# Dead elastic on Fitted Sheets?



## deb (Jul 27, 2002)

I have 2 pairs of fitted sheets with dead elastic and they can't grip the bed anymore. Is there something I can do to them so that they stay on the bed besides replace the elastic? 

We're allergice to dust mites so I wash our linens in hot water to kill them and I don't think replacing the elastic would hold up very long.

Could I sew on some corner tabs?
Thanks in advance


deb
in wi


----------



## susieM (Apr 23, 2006)

Safetypins?


----------



## Wisconsin Ann (Feb 27, 2007)

bed clothes garters. can't remember what they're actually called. lemmee see if I can find a link. you can get them at walmart or the like. something like 3.50 for 4 or them.....

well heck. can't find an image anywhere i've looked on the net.  however..they look like double headed garters for silk stockings. with elastic conecting them. 

I've tried the plastic "pinch" sheet keepers, (they slide over the sheet and the cording around the mattress) but they don't work if you move around much. altho, you can find those at the same place the garters are, usually.

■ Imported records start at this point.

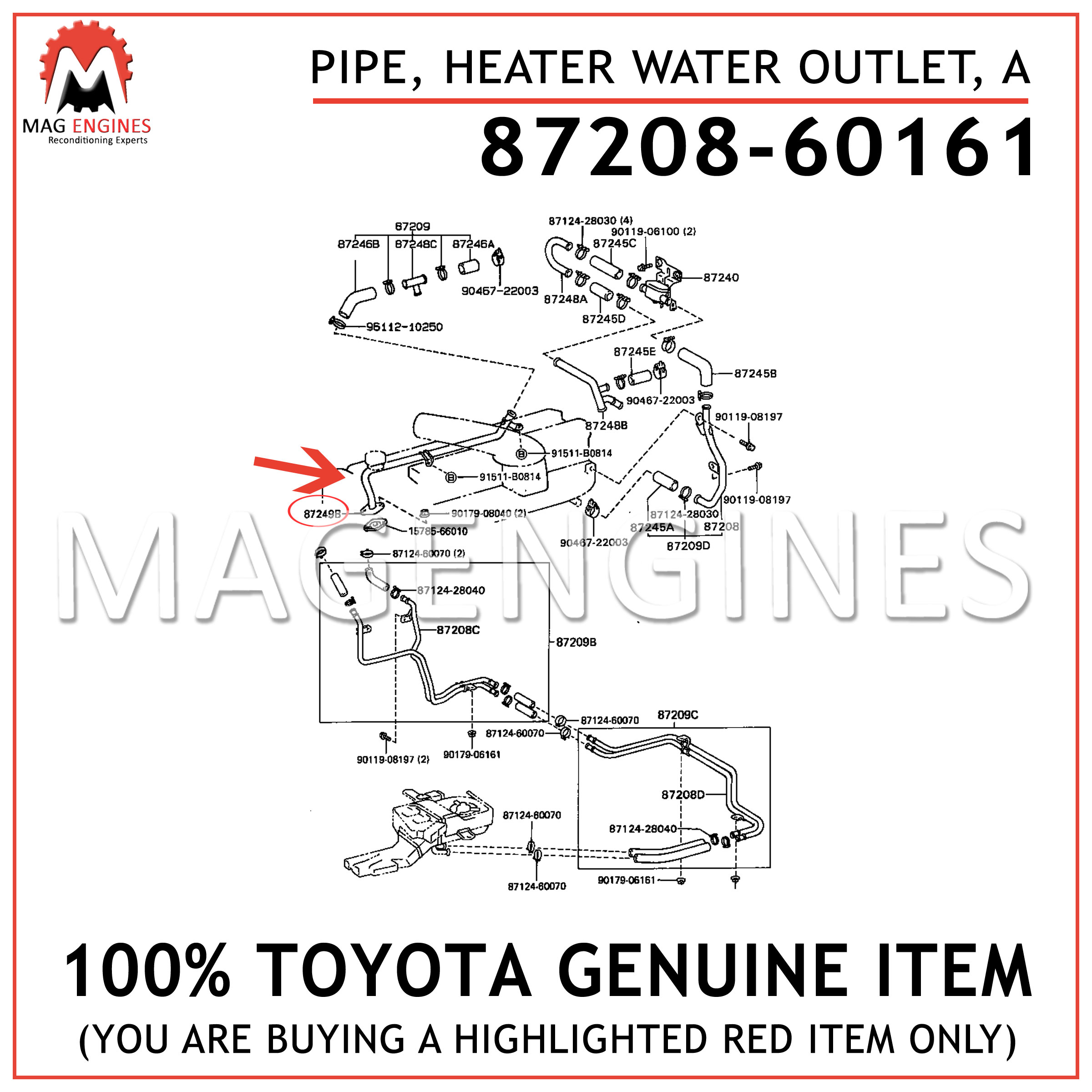 Toyota 87245-34030 Heater Water Hose Outlet 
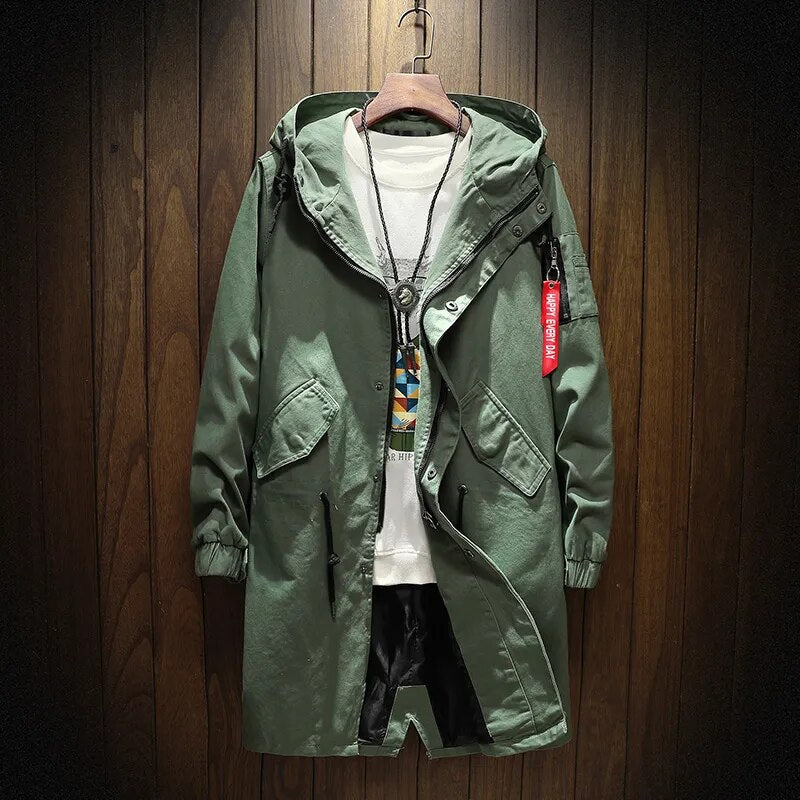 maoxiangshop Long Trench Coat Jacket Men Autumn Spring Black Hip Hop Japanese Coats Streetwear Male Hooded Army Green Casual Jackets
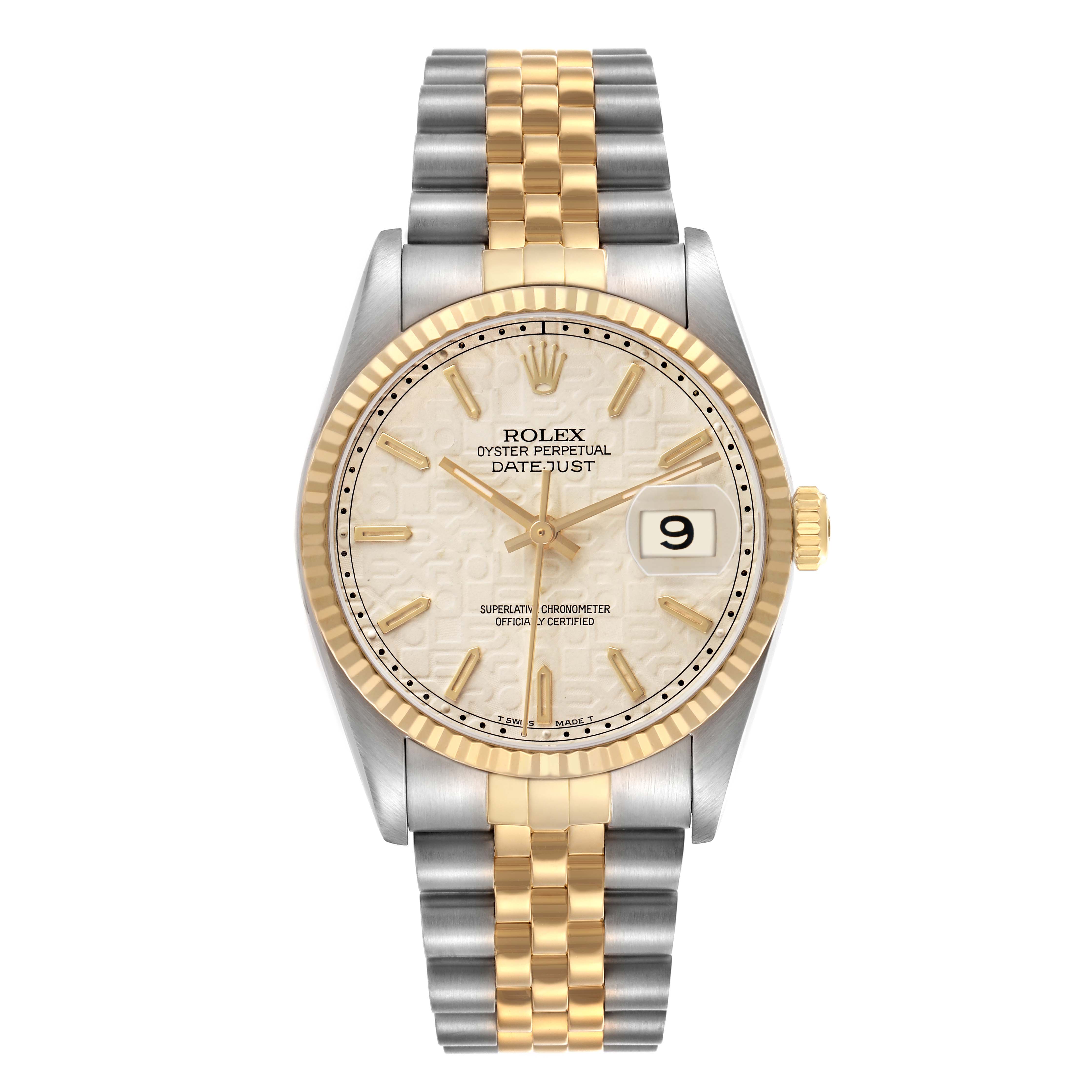 The Rolex Datejust 16233 Men's Stainless Steel White Dial watch is shown from the front, highlighting its face, bezel, crown, and two-tone bracelet.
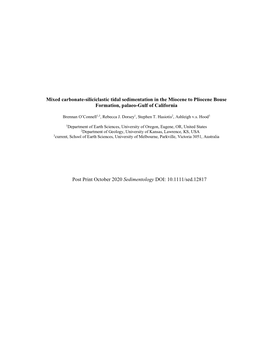 Mixed Carbonate-Siliciclastic Tidal Sedimentation in the Miocene to Pliocene Bouse Formation, Palaeo-Gulf of California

You may be able to figure out how to work them  I certainly can't

in our walmart, they're at the end of the aisle near the pillows and mattress pads. on a hanging display. I've seen them at Joann Fabrics, (you could make yourown, too, using garters from JoAnn's and attaching to elastic) and a couple other sewing places.

now that I think on it, I've seen them made with little metal teeth clamps instead of the rubber garter thing.


----------



## Ravenlost (Jul 20, 2004)

Corner tabs would be very easy to sew on....


----------



## mamajohnson (Nov 27, 2002)

I have tried fixing this in several ways, to no avail. I have replaced the elastic, sewn on additional elastic, made elastic crossing under the mattress at the corner. Nothing worked for me. Now I take those sheets and make pillow cases. Buy a new bottom sheet, Walmart has a section you can get just a bottom sheet fairly reasonable.
Good luck!


----------